Uma equipe multidisciplinar, que envolve psicólogos e assistentes sociais, entre outros profissionais, elabora um plano para cada adolescente e para sua família, com metas e desejos de realização pessoal e profissional, por exemplo.
Racionalização
A melhoria na gestão de informações terá um impacto positivo em outa frente de ação do programa, que busca a racionalização na aplicação de medidas de internação. Essa ação atende à determinação do ECA e de parâmetros internacionais que preconizam a brevidade e excepcionalidade das internações. No Brasil, um levantamento do CNMP indicou que um mesmo ato infracional pode implicar em medida de nove meses em um estado e até dois anos e meio em outro. Segundo outro estudo do CNMP, no sistema socioeducativo em geral “há superlotação, poucas oportunidades de formação educacional e profissional, espaços insalubres, rebeliões das unidades, fugas, dificuldades de atendimento de saúde, entre tantos outros”.
Uma das ações previstas neste eixo estratégico é o apoio ao desenvolvimento dos Núcleos de Atendimento Integrados (NAI), equipamento que reúne atores como Tribunal de Justiça, Ministério Público e Secretarias de Educação, Saúde e Assistência Social, por exemplo. Também serão criadas metodologias de audiências concentradas, para que haja reavaliação constante das medidas impostas aos adolescentes. Para tanto, serão mapeadas experiências já existentes e implantados projetos pilotos.
Está previsto, ainda, o desenvolvimento de Núcleos de Justiça Restaurativa nos estados. Centrais de Vagas, que controlam o número de adolescentes internados de acordo com as vagas disponíveis, também serão propostas, garantindo que a internação sirva como espaço de desenvolvimento pessoal. Ações de fortalecimento do meio aberto, para o fortalecimento dos laços familiares e comunitários com acompanhamento, serão efetivadas. Todas essas ações serão pactuadas previamente com os Tribunais estaduais e em cooperação com União, estados e municípios.
Aperfeiçoamento do SINASE
Instituído pela Lei n. 12.594/2012 com base em normativas internacionais, o Sistema Nacional de Atendimento Socioeducativo (SINASE) envolve diversas áreas de governo, representantes de entidades e especialistas, desenvolvendo programas intersetoriais de atendimento socioeducativo. Nos últimos sete anos, o sistema enfrenta desafios para sua implementação, principalmente na articulação da rede necessária para o funcionamento, que envolve atores das três esferas do Poder Executivo. Buscando auxiliar neste quadro, o Justiça Presente trabalha no desenho de matriz de conteúdos mínimos para formação inicial e continuada de magistrados e servidores, incluindo a inserção de módulo sobre o SINASE na matriz curricular das Escolas de Magistraturas estaduais.

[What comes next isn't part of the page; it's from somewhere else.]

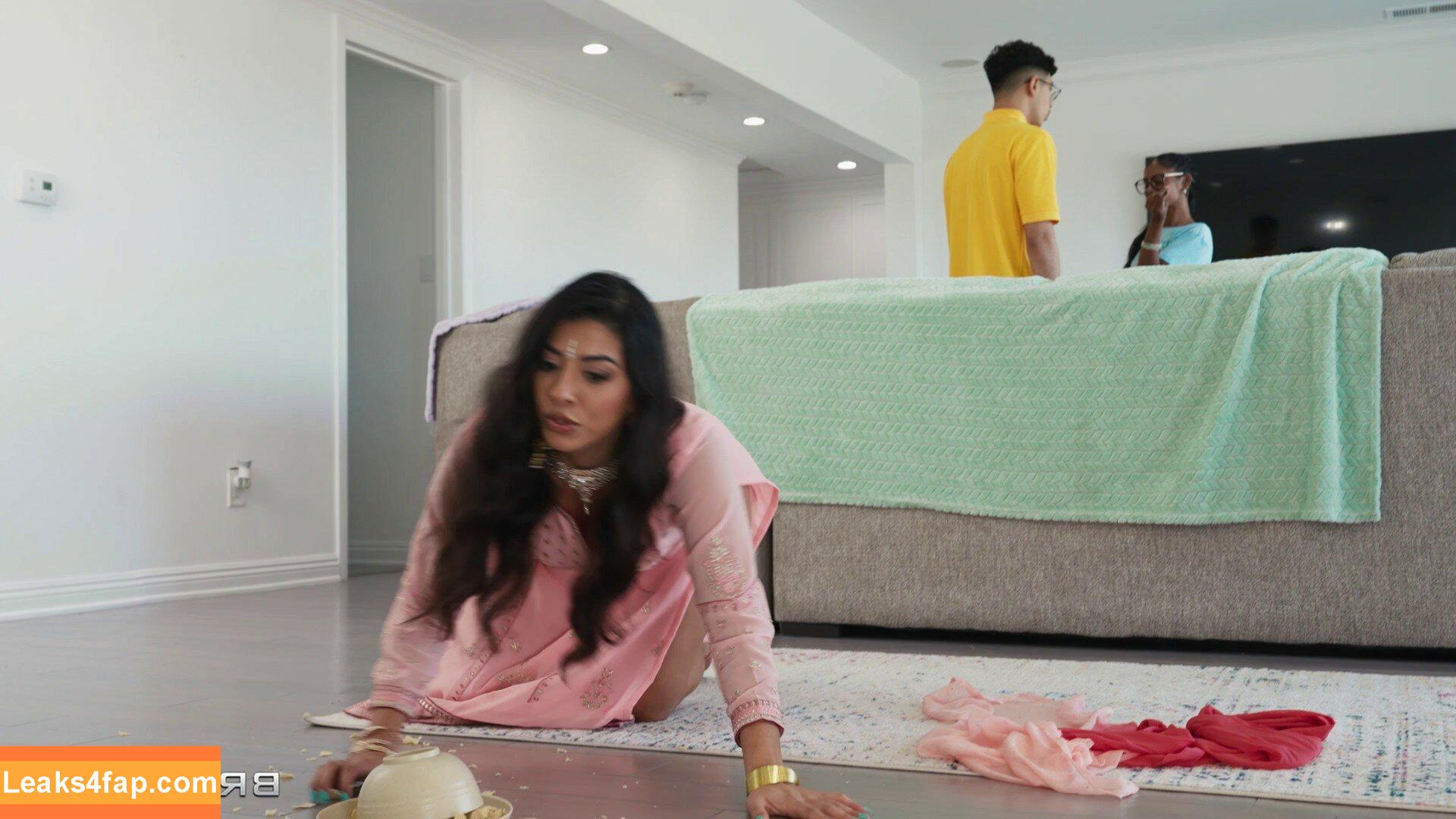 allthatjasmine / Hot paki girl / _allthatjasmine leaked photo photo #0010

Outro eixo estratégico de atuação do Justiça Presente se debruça sobre estratégias de aumento da escolarização e profissionalização dos adolescentes. Para tanto, serão propostos fluxos para a emissão de documentação civil para adolescentes em cumprimento de medida socioeducativa como primeiro passo. Outras medidas incluem instituir políticas permanentes de acompanhamento para adolescentes pós-cumprimento de medidas e aprendizagem profissional deles. A ideia é pactuar com Institutos Federais e agências do Sistema S, como Senai e Sesc, a oferta de vagas em cursos profissionalizantes.